▶ **THE DATA**:
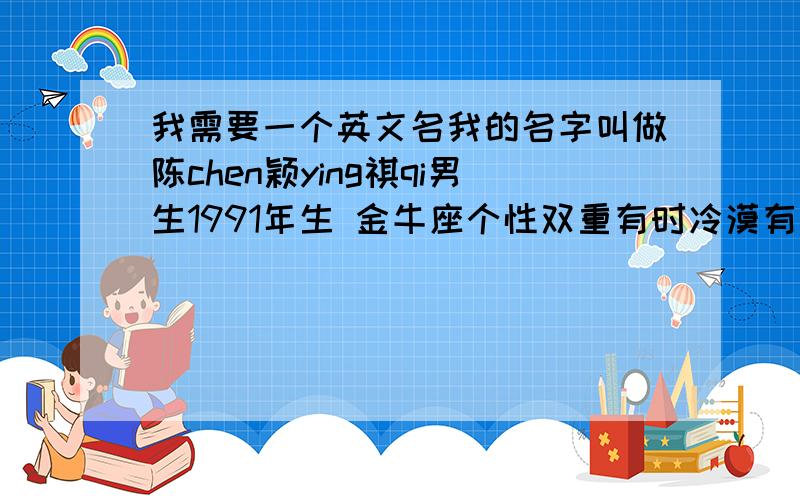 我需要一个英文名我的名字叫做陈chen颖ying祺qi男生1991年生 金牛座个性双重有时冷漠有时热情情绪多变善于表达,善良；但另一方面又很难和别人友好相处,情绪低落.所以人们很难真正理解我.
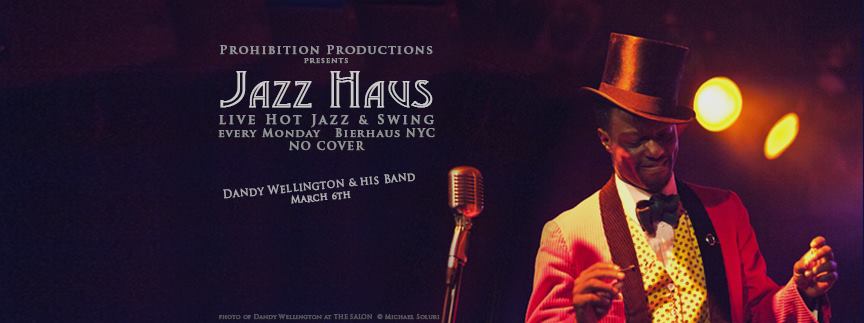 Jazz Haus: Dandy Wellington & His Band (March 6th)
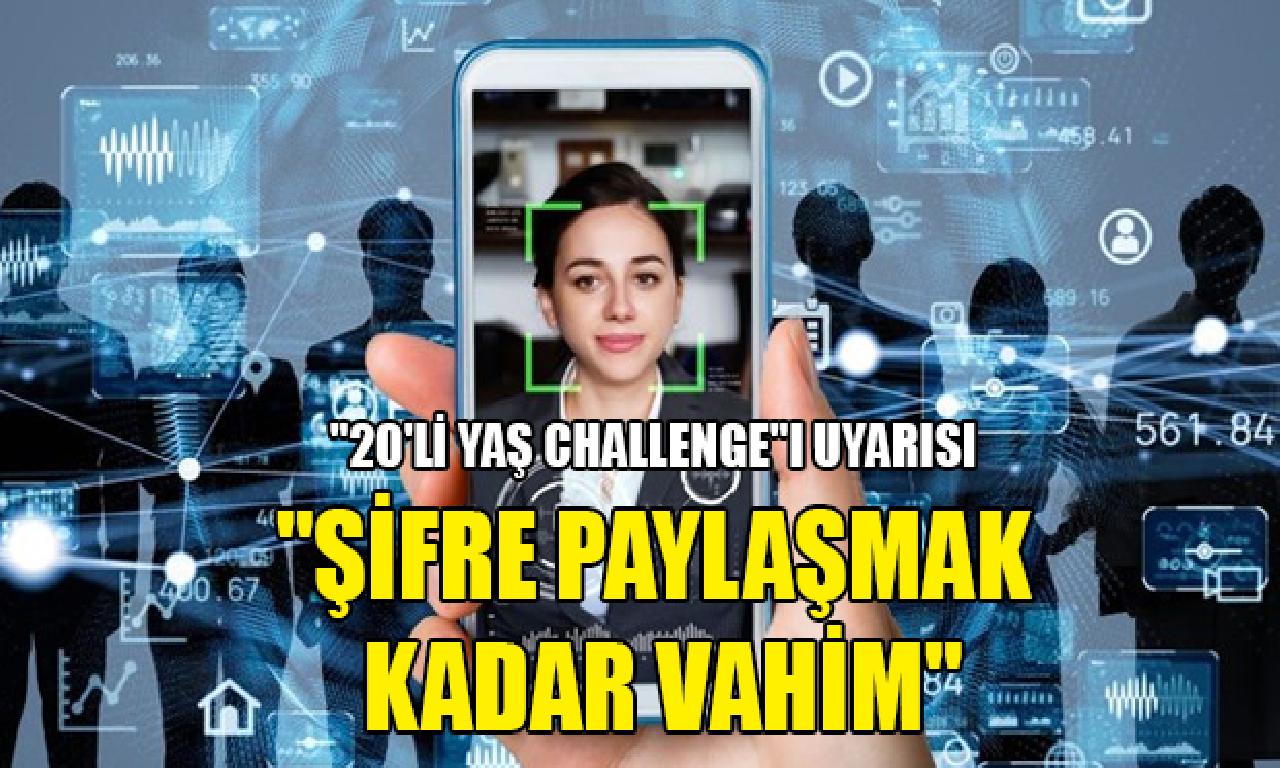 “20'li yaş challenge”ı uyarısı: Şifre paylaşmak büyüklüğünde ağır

* * *

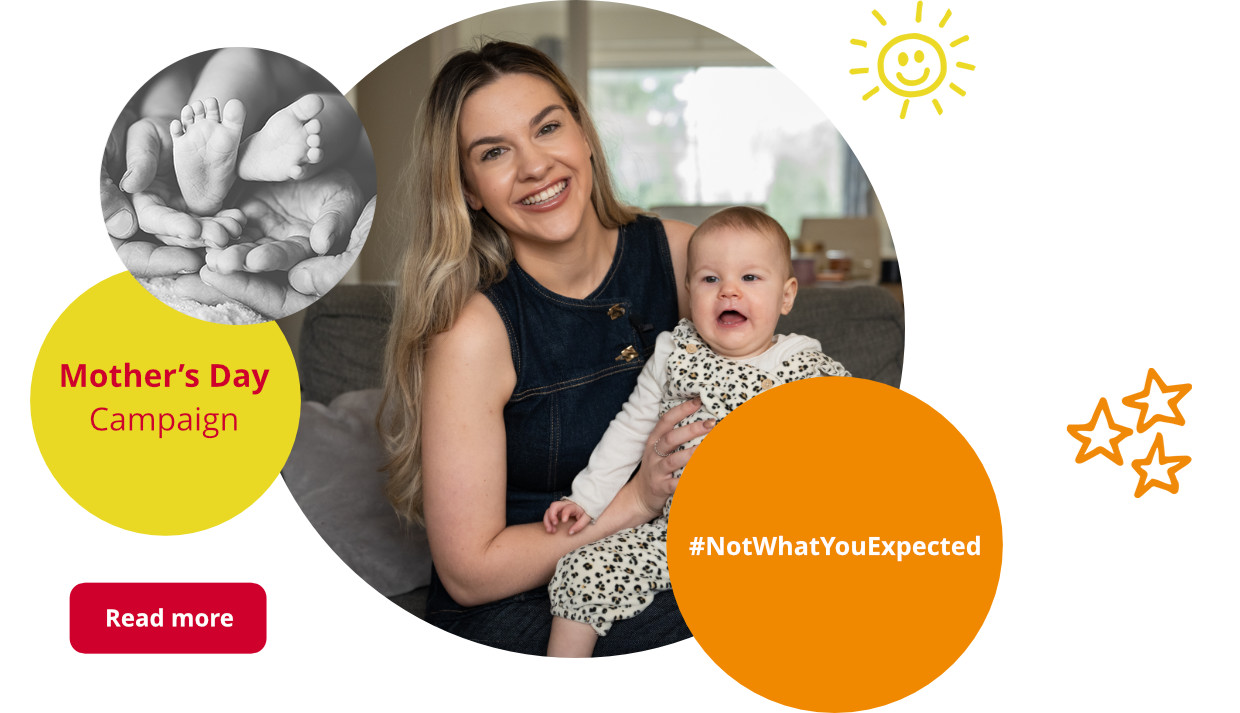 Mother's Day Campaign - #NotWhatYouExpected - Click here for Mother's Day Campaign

▶ **PROBLEM DESCRIPTION**:
Your reply is to be an exact repeat of the listing above from the line holding "我需要一个英文名我的名字叫做" down to the line holding "paylaşmak büyüklüğünde ağır", ends included, pictures excluded.

▶ **REPLY**:
 我需要一个英文名我的名字叫做陈chen颖ying祺qi男生1991年生 金牛座个性双重有时冷漠有时热情情绪多变善于表达,善良；但另一方面又很难和别人友好相处,情绪低落.所以人们很难真正理解我.
 Jazz Haus: Dandy Wellington & His Band (March 6th)
 “20'li yaş challenge”ı uyarısı: Şifre paylaşmak büyüklüğünde ağır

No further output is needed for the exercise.